RE: Monitor the neighbour JVM using neihbour's member-timeout

2018-01-17 Thread Aravind Musigumpula
Hi Everyone,

Consider a Geode cluster in which some nodes contain a particular type of data 
which is critical to the business and hosts a large amount of data. Some nodes 
may host data which is not critical to the business and hosts less amount of 
data compared to the previous type of nodes.

If both the type of nodes are going through some operation which is making them 
unresponsive, the former type of node may take a couple of seconds extra than 
the later to respond.

In this scenario is it fair to give the same member-timeout to all the members?
What if we want to wait for a little longer time for such nodes.

In the present configuration in geode, we cannot wait a little longer for some 
nodes when compared to do this although we can configure different 
member-timeout for all the nodes.
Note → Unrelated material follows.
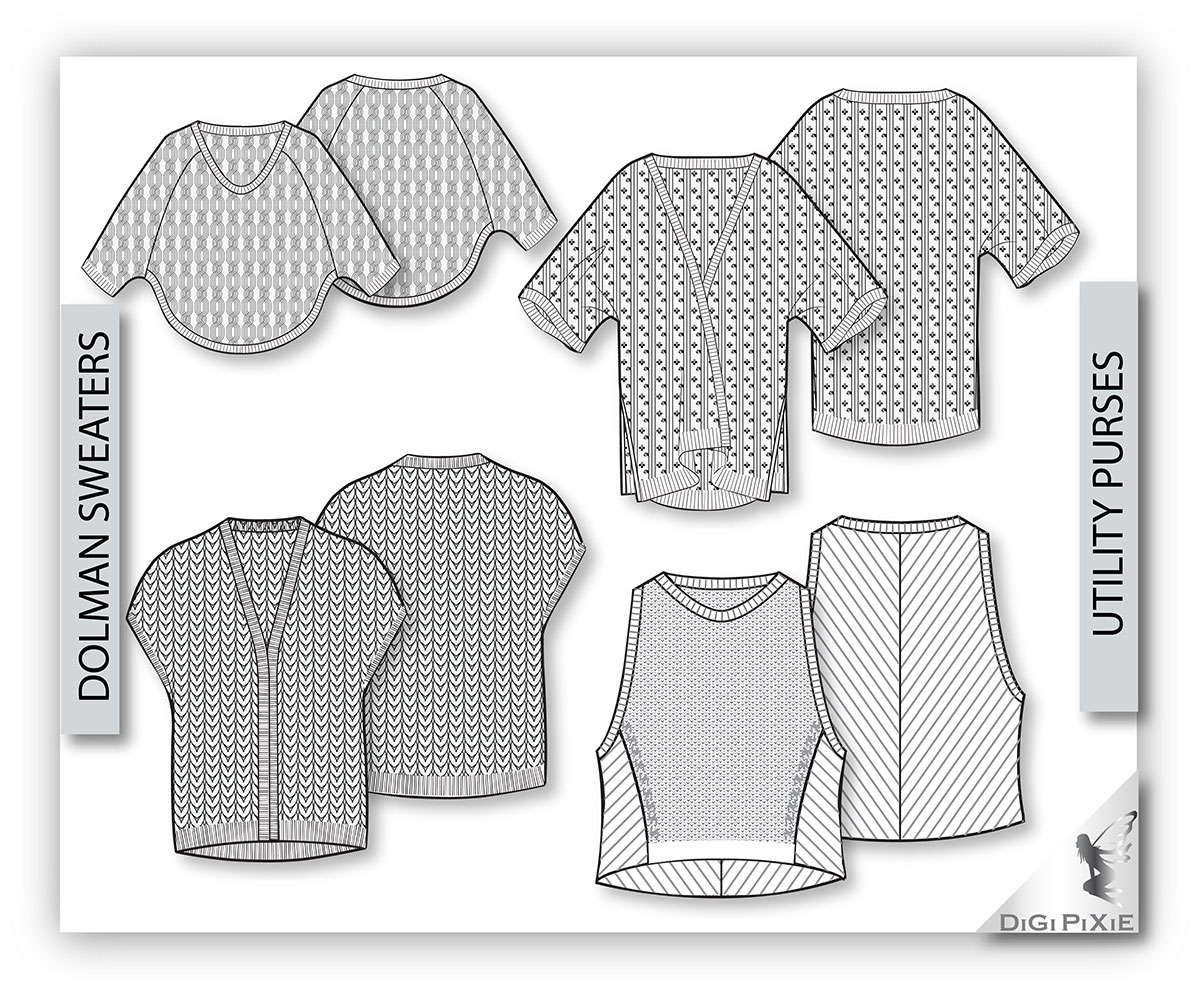 1200x998 Digipixie - Sweater Sketch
But i think no one will ever configure 
different timeouts for each node because those member-timeouts will be used to 
monitor their neighbors.

In this solution, we all do is wait for the suspected member-timeout instead of 
its own timeout during final check.
It has no backward implications also, if somebody wants to use the existing 
behavior they will continue to use the same member-timeouts for all the nodes. 
So the behavior of the system is preserved.

If you have any concerns in this solution, please let me know.


Thanks,
Aravind Musigumpula 


-Original Message-
From: Aravind Musigumpula 
Sent: Monday, December 18, 2017 6:55 PM
To: dev@geode.apache.org
Subject: RE: Monitor the neighbour JVM using neihbour's member-timeout

Hi Community,

Can you please give your suggestions on the below solution.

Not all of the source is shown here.